Photo credit: Nisrine Abou Abdellah – Artistic Director
Editorial written by the editorial team of The Rotunda
HAS The RotundaOne of our main tasks is to defend the Francophonie and Francophonie in all its forms. A goal shared by the Francophone Affairs Officer of the University of Ottawa Students’ Union, which has included recognition of the diversity of the Francophonie in its mission since the recent General Assembly. In a national context in which French is constantly in decline, a way must be found for all French speakers to find their place in this struggle.
For most of us, speaking French is an evolving identity that emerges in an environment where French goes hand in hand with multiple languages. However, speaking French in Canada also means facing a challenge prioritization The way of speaking French and the desire to protect the language sometimes seem to lean towards glotophobia.
According to Philippe Blanchet in Podcast “Is there only one way to “speak” French well?” Glottophobia refers to “that attitude that consists of discriminating against people by the language they speak or the way they speak , take it as an arbitrary and therefore unfair excuse. whose language.” They speak. So be careful: if you receive a lot of criticism about the way you express yourself in French, or if you hear politicians advocating integration rather than welcoming French-speaking newcomers, this could be glotophobia.
Standardization: a form of exclusion?
Language is the result of institutionalization, but also of change linked to the different uses of its speakers depending on where they live and the environment. Be living languageTherefore, French must be recognized and accepted in its various forms of expression.
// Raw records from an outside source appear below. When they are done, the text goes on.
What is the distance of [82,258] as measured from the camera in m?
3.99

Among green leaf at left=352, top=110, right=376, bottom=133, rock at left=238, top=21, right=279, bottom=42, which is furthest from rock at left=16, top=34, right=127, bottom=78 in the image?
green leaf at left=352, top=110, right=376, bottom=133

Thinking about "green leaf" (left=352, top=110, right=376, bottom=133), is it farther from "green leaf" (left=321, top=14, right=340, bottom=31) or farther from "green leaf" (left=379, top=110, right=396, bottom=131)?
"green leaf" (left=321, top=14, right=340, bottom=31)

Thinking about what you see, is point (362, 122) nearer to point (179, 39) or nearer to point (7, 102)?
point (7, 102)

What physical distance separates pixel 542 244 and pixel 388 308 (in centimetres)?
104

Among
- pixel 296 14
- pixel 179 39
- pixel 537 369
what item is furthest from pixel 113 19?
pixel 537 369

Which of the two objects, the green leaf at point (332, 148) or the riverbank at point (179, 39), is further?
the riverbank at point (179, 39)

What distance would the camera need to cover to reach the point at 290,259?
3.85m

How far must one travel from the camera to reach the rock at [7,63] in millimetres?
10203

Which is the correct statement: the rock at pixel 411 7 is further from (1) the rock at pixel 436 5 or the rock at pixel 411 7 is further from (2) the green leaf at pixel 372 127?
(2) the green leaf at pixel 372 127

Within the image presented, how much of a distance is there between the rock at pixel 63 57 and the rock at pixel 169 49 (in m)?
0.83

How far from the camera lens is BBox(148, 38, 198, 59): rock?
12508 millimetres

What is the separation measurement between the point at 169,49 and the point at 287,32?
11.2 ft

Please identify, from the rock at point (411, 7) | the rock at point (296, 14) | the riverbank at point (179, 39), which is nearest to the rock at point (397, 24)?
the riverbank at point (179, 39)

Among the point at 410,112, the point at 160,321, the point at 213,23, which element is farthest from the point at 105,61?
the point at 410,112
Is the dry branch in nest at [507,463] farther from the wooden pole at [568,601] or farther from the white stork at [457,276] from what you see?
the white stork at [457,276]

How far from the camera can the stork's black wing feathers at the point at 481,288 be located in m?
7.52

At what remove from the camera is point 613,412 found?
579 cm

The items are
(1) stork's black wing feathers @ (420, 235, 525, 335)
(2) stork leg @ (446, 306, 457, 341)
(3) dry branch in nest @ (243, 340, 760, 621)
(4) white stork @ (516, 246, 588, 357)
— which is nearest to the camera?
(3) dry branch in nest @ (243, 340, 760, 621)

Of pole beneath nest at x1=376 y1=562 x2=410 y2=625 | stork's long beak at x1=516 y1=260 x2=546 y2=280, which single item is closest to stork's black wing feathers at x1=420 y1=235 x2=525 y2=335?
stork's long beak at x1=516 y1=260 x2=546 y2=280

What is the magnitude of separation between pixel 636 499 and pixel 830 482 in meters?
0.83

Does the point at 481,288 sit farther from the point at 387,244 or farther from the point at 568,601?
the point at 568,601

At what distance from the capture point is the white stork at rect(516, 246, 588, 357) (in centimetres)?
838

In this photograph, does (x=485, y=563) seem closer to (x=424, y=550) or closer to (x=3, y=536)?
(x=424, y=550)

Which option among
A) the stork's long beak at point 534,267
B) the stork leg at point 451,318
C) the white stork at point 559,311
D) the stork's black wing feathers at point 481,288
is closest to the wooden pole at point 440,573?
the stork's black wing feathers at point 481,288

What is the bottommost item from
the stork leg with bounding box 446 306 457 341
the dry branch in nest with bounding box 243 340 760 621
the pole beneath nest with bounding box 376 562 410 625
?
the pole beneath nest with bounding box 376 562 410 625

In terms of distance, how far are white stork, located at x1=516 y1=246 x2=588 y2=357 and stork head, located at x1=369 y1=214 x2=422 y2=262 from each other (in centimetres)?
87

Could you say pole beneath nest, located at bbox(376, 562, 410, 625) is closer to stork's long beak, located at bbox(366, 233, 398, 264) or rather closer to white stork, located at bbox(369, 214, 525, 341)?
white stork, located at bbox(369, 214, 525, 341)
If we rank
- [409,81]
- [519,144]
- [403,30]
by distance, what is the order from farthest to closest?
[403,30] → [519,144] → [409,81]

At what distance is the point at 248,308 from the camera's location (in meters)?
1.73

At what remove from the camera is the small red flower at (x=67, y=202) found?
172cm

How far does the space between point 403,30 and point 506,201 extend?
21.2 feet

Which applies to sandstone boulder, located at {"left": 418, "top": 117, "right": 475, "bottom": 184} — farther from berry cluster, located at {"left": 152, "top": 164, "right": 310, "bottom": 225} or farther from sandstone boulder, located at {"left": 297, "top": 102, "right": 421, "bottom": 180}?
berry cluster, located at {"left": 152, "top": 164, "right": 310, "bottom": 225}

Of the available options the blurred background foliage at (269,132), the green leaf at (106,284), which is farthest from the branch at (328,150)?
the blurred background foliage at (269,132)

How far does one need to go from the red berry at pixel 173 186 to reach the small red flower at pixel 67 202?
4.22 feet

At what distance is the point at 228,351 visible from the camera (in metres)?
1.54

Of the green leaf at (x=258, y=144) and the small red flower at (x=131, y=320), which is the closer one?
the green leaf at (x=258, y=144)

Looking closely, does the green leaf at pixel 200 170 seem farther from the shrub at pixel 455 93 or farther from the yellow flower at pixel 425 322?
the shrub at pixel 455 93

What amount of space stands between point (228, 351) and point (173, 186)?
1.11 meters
However, the question remains: who evaluate What is “good French” and what is not? The standardization of the language excludes anyone who does not meet the criteria of “standard” French. This presents a paradox because you can speak French and have spoken French all your life and still speak French Comments that relate to our idioms, our accent or the words we use.
To make matters worse, standardization often forces us to reject part of our identity. The French we speak comes from our history, our relationships and is also part of our culture.
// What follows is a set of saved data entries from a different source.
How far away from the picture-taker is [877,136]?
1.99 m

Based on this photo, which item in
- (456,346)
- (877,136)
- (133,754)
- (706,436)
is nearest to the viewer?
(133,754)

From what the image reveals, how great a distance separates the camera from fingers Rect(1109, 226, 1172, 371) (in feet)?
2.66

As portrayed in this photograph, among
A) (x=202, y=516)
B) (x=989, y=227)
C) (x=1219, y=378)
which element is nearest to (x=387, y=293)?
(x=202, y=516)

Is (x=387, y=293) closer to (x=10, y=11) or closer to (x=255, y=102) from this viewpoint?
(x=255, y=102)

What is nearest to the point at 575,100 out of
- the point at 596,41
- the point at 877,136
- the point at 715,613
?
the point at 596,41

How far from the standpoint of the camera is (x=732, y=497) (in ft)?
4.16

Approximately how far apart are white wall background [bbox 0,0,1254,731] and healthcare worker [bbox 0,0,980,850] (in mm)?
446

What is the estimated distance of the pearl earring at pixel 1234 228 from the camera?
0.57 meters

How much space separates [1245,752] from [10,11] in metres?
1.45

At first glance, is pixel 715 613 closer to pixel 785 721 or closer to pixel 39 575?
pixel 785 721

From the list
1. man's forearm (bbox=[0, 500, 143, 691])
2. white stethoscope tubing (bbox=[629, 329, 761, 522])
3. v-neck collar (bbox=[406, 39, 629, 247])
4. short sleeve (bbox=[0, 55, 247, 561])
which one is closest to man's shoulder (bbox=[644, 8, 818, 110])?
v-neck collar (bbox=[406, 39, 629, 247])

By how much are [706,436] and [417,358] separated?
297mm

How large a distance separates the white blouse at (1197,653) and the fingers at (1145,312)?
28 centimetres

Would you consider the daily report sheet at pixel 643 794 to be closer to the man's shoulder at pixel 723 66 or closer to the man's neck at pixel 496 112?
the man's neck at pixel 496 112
This exclusion can also increase linguistic uncertainty. Maybe we no longer want to speak our language for fear of criticism, comments or reprisals. In such a situation, why would French speakers want to defend a language from which they feel excluded?
Lose the essence of language?
For many Quebec politicianBy standardizing French or ensuring very strict rules for how we express ourselves, we can protect the essence of the language. This perspective not only turns the fight for Francophonie into a political struggle, but also leads to a rejection of the evolving nature of our language.
It is also forgetting, as mentioned in the Podcast “Is the French language complicated? » that even symbolic figures like Molière speak several dialects without this preventing the language from spreading. Therefore, it is entirely possible to recognize French-speaking dialects across the country without risking losing French. Furthermore, this must be recognized Diversity in our expression would emphasize the liveliness of our language.
Nor can we discuss the fear of losing the essence of language in the Canadian context without talking about the influence of English. In fact, Shakespeare’s language is the big villain in many conversations between French speakers. We are told to always watch out for anglicisms and certain expressions, and we fear that any flexibility will contribute to the decline of the French-speaking population in Canada.
This insistence not only produces the opposite of the expected effect, but also distances us from what was supposed to bring us together: building a new Canadian Francophonie.
What does inclusion look like?
The French-Canadian community should emphasize the inclusion of Francophones and Francophiles from all provinces all countries of the world. We must therefore move away from standardization aimed at standardizing French and instead move towards real inclusion.
Instead of calling for a drastic change in grammar standards or rules about syntax, we should focus on increasing the presence of teachers in classrooms who speak all styles and dialects of French. We need to allow high school students and then university students to see the way they speak. This also includes greater representation in the media, on television, in podcasts or books.
For one member of our team, reading Michel Tremblay’s book Les belles-sœurs, written in Joal, led her to accept the different forms of spoken Quebecois language and free herself from the pressure to change her French. This representation could therefore make it possible to avoid a devaluation of the various expressions of French and to involve each of its members in the construction of the Francophonie in Canada.
It may be time to fight for institutional recognition of certain words that are an integral part of the various Canadian French-speaking dialects for inclusion in the dictionary.
In order to combat the decline of French, one must ultimately question standardization. We must recognize that the future of Francophonie in Canada requires, above all, a co-construction of the French language!